**DESCRIPTION OF THE TASK**
Copy out the data word for word. The images are not part of the copy.

**INFORMATION SHOWN**
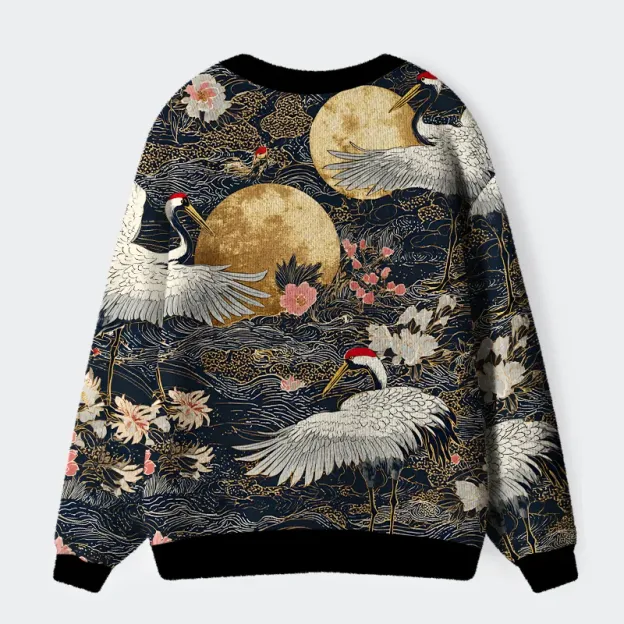 Unisex Traditional Crane Ugly Cardigan Sweater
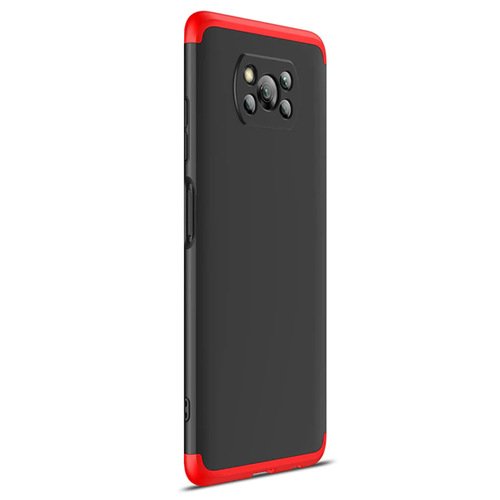 Microsonic Xiaomi Poco X3 NFC Kılıf Double Dip 360 Protective Siyah Kırmızı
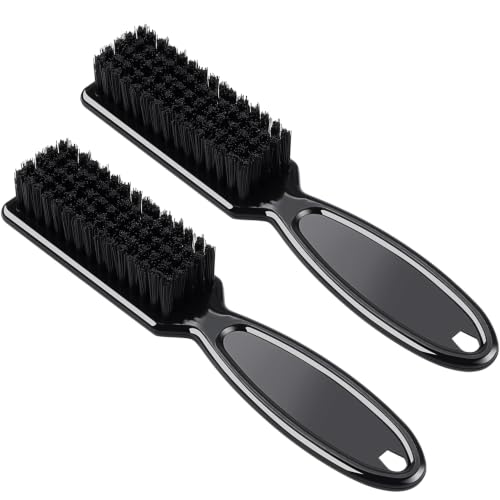 Patelai 2 Pcs Barber Blade Cleaning Brush for Clipper Cleaning Nail Cleaner Styling Brush for Fades Tapers Trimmer Manicure Salon (Black)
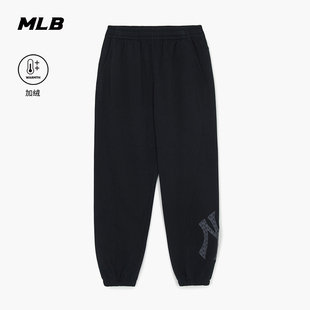 新款 25冬季 PTM20 男女情侣复古老花保暖加绒运动休闲长裤 MLB官方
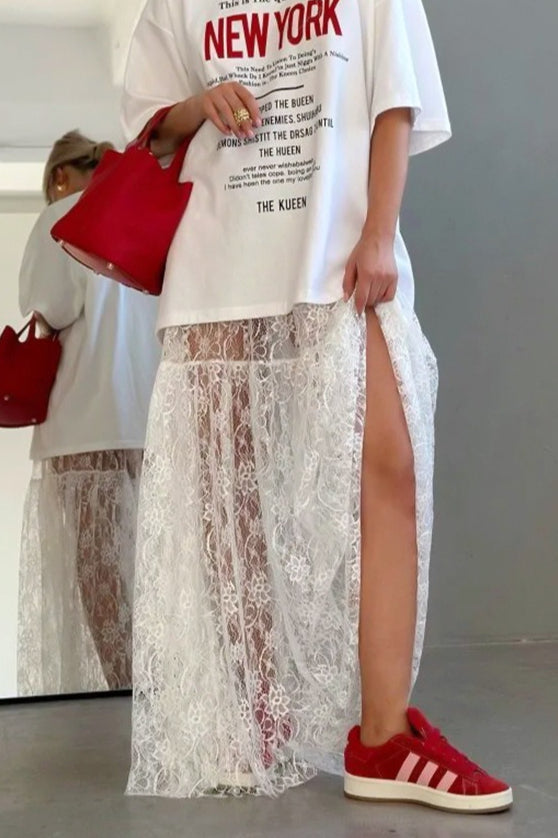 Jacquard Lace High Waist Maxi Skirt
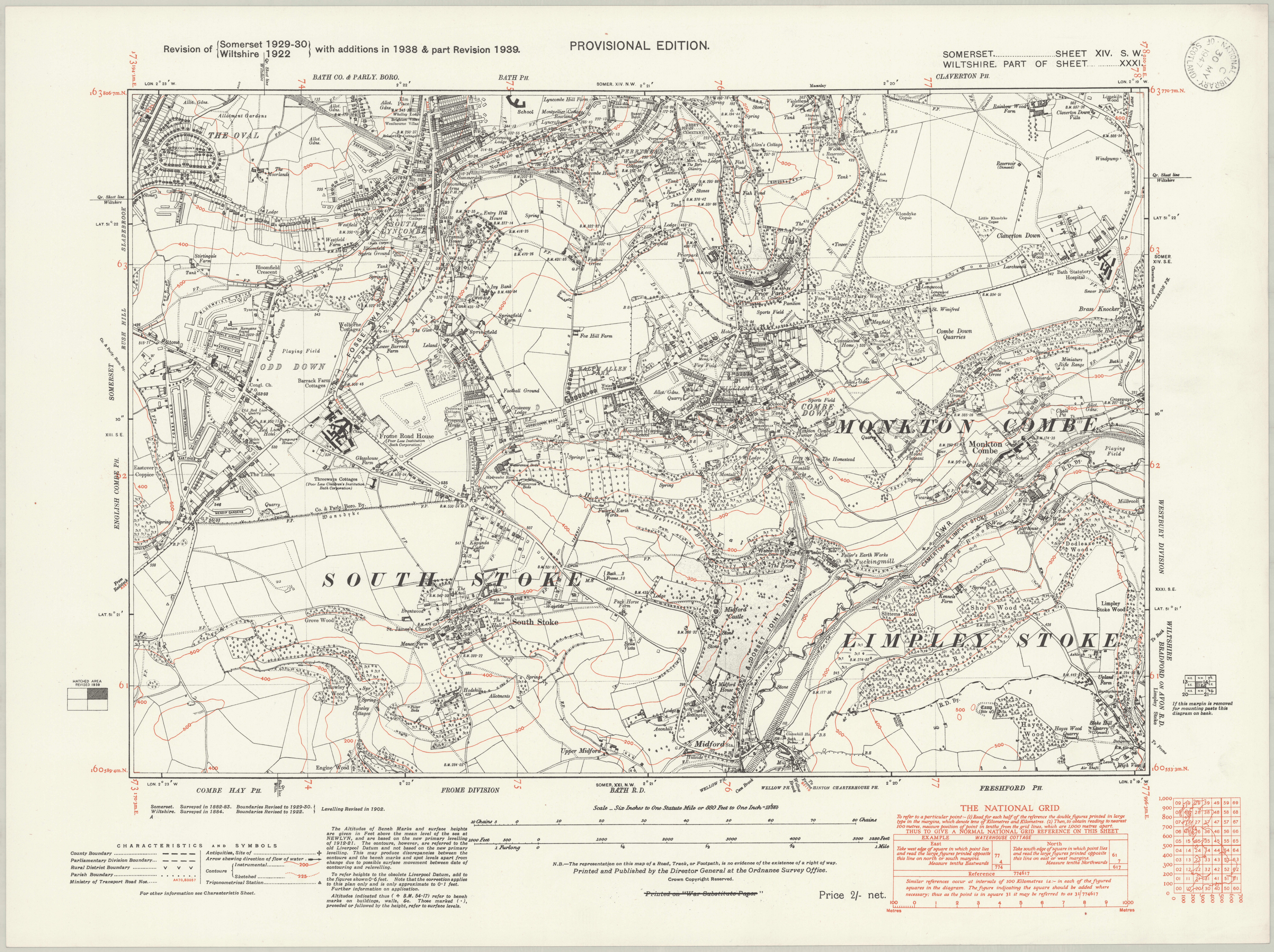 combe down and monkton combe map 1939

**ANSWER TO THIS PROBLEM**
 Unisex Traditional Crane Ugly Cardigan Sweater
 Microsonic Xiaomi Poco X3 NFC Kılıf Double Dip 360 Protective Siyah Kırmızı
 Patelai 2 Pcs Barber Blade Cleaning Brush for Clipper Cleaning Nail Cleaner Styling Brush for Fades Tapers Trimmer Manicure Salon (Black)
 新款 25冬季 PTM20 男女情侣复古老花保暖加绒运动休闲长裤 MLB官方
 Jacquard Lace High Waist Maxi Skirt
 combe down and monkton combe map 1939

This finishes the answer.